Image: Wikimedia Commons/Bill da Flute

British Open Snooker 2022: Day 6

Just four names are left in the 2022 British Open, and today’s events will whittle the list down to two. It’s the day of the semi-finals, and we have two matches to set up tomorrow’s final – so who will make it to the final day?

The first match pitted new tournament favourite Mark Allen against Noppon Saengkham. A bizarre safety by Saengkham gave Allen first chance – he made a break of 69 and although Saengkham fought on for snookers, the Irishman would put the first frame on the board. Saengkham immediately gave Allen another chance – he opened up the table, and made a 76 to move 2-0 ahead. Again, another Allen chance, and he cleared the table with a 133 – he was 3-0 ahead, and his opponent had only potted one ball thus far. It looked to be a safety battle, but Allen found a long red, and assembled another 69 to win the frame – he was 4-0 ahead at the mid-session interval.

As the match resumed, Allen established a 49-point lead before things moved into a safety battle. Saengkham forced an opportunity, but immediately potted the cue ball with a red – Allen didn’t let up, clearing the table and moving within one frame of a whitewash. Saengkham needed to make something happen – a long red gave him the chance, and he made 24 (more points than the other five frames combined) before missing a red as he split the pack. Allen assembled a 44 and then laid a nasty snooker behind the yellow. Saengkham left one on, but Allen offers a surprising miss, and his opponent cleared the table to put a frame on the board. Allen made 64 before snookering his opponent – Saengkham fluked a pot on the escape, and looked to be putting a second frame on the board, but he missed the green. From then, an Allen 6-1 win was assured, and he entered the final the firm favourite to lift the trophy.

In the evening, Robbie Williams faced off against Ryan Day. Both players had good pots, but failed to capitalise – Day then had a chance and made a 55 break. He missed frame ball, but won the frame a few shots later. Williams responded well, with a long red in his first shot of the second frame that led to a brilliant 77 break and a 1-1 score line. Both players had chances in frame three, but it was Williams who capitalised towards frame end and took the lead after an excellent brown and blue. Frame four started off with a big tactical battle, and the first chance eventually came Day’s way – he made a 33 before missing a green and leaving his opponent an open table. Williams didn’t take full advantage, but he was soon back at the table, before giving Day an unexpected chance. A clearance would have levelled – but he snookered himself on the pink, then left it over the pocket. It was 3-1 to Williams at the interval.

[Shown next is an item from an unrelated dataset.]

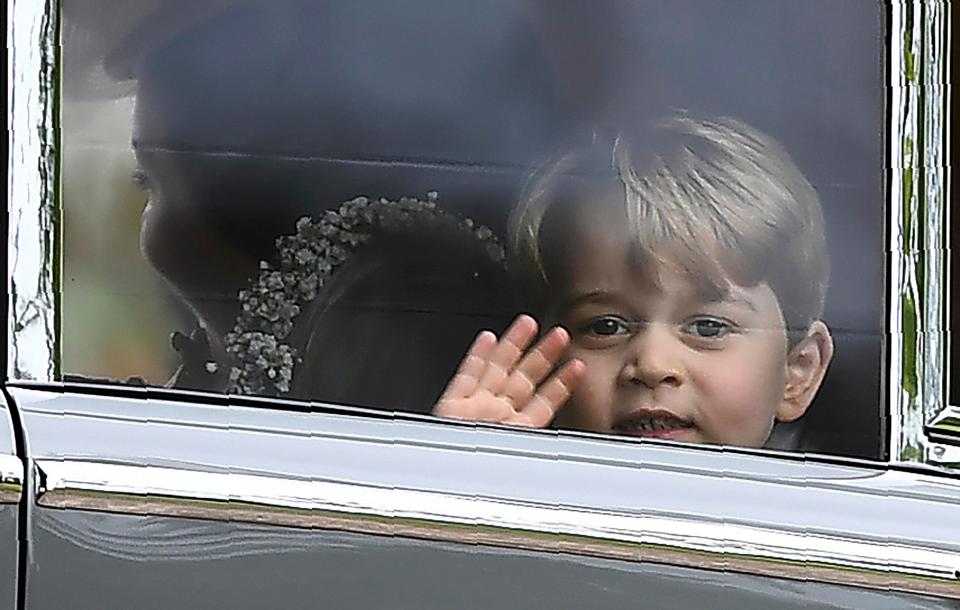  The young royal was then seen looking out the window as he sat next to sister Princess Charlotte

Day needed a fightback, and although it took him a few visits, he won the first frame after the interval. An excellent long pot gave him first chance in the sixth frame, but things quickly went very scrappy – Williams didn’t score particularly heavily, but he scored enough to lead 4-2. Frame seven was very low-scoring, with lots of chances for both players and breaks concentrated around the green for the most part – it ultimately went the way of Day after Williams needed snookers with just pink and black remaining. Day made a 61, his highest break in the match to move towards the finish line in frame eight, and he eventually levelled 4-4. It took two chances, but Day moved one in front for the first time since the opening frame. Williams forced a decider after a frame with a surprising amount of misses, and it was a decider much like the rest of the match – scrappy and full of surprising errors. Ultimately, Day would progress into the final, 6-5.